(Image-caption web data)
==============================
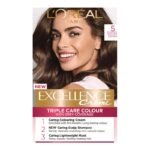 Buy Loreal Ex 5 Natural Brown Online at Classic Medico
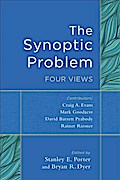 Synoptic Problem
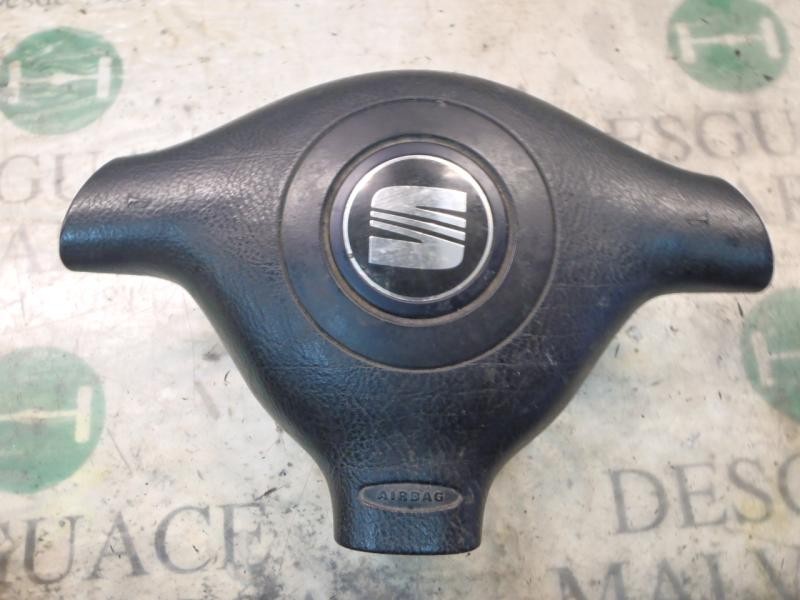 Recambio de airbag delantero izquierdo para seat toledo (1m2) select referencia OEM IAM   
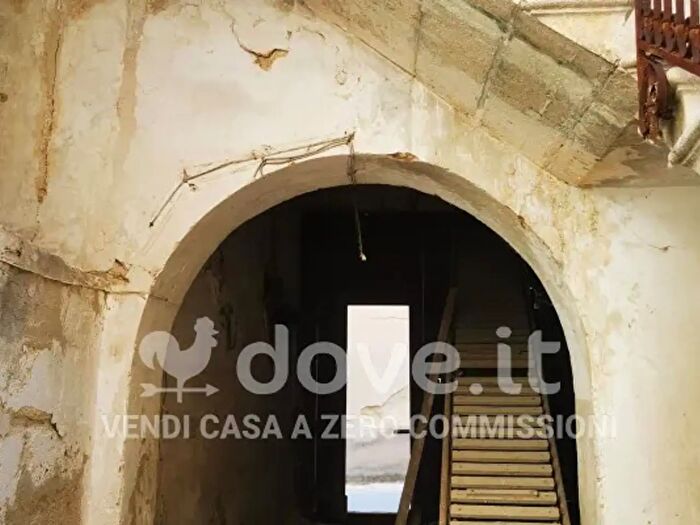 Casa con 6 locali in vendita in Via Acqua, Mazara Del Vallo
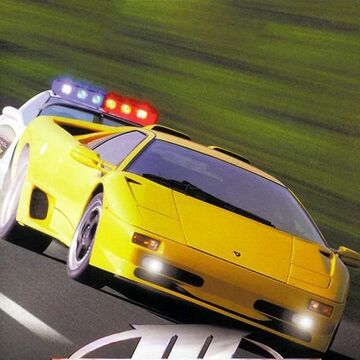 Need For Speed Iii Hot Pursuit Need For Speed Wiki Fandom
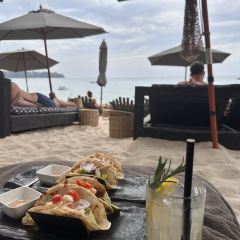 MAYA BEACH CLUB PHUKET User Photo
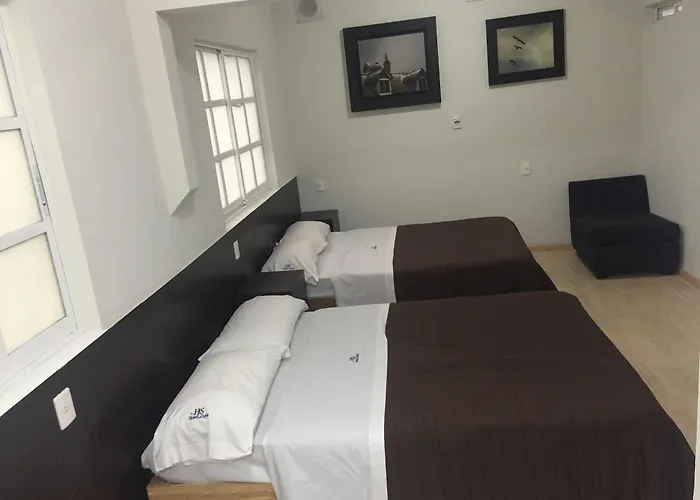 Ayenda La Selva Hotel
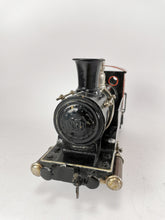 Laden Sie das Bild in den Galerie-Viewer, Märklin Set Spur 1 mit der Tenderlokomotive No. 4011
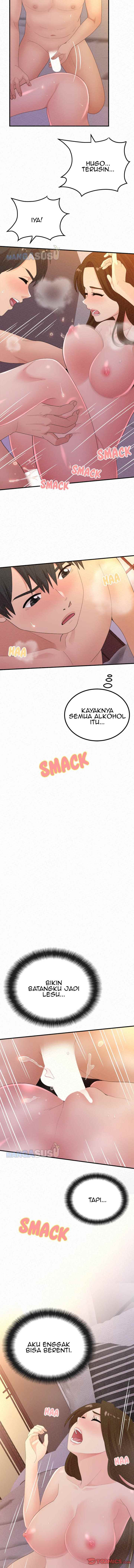 Milk Therapy - Chapter 40 10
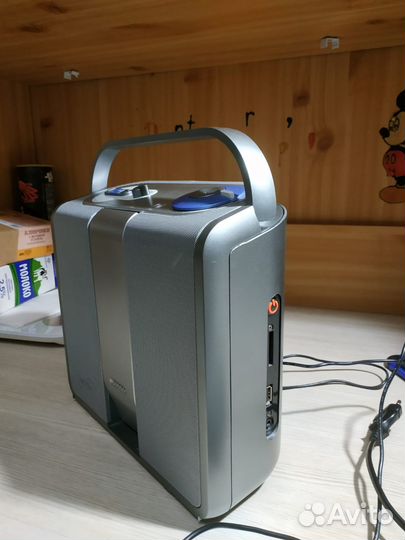 Читающая машина Optelec Clear Reader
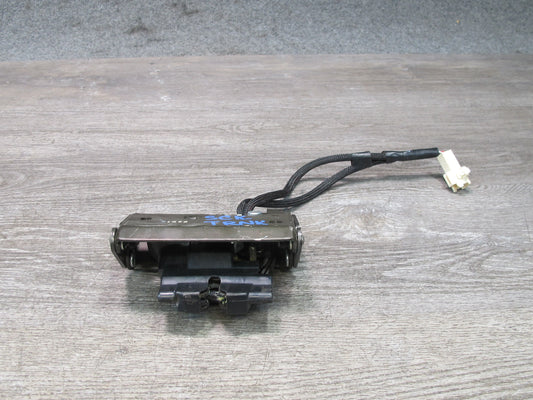 02-10 Lexus Z40 SC430 Rear Trunk Lid Lock Latch Actuator OEM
==============================
EXERCISE OBJECTIVE —
Each record above should be copied character for character, with pictures dropped.

RESULT OF THE EXERCISE —
 Buy Loreal Ex 5 Natural Brown Online at Classic Medico
 Synoptic Problem
 Recambio de airbag delantero izquierdo para seat toledo (1m2) select referencia OEM IAM   
 Casa con 6 locali in vendita in Via Acqua, Mazara Del Vallo
 Need For Speed Iii Hot Pursuit Need For Speed Wiki Fandom
 MAYA BEACH CLUB PHUKET User Photo
 Ayenda La Selva Hotel
 Laden Sie das Bild in den Galerie-Viewer, Märklin Set Spur 1 mit der Tenderlokomotive No. 4011
 Milk Therapy - Chapter 40 10
 Читающая машина Optelec Clear Reader
 02-10 Lexus Z40 SC430 Rear Trunk Lid Lock Latch Actuator OEM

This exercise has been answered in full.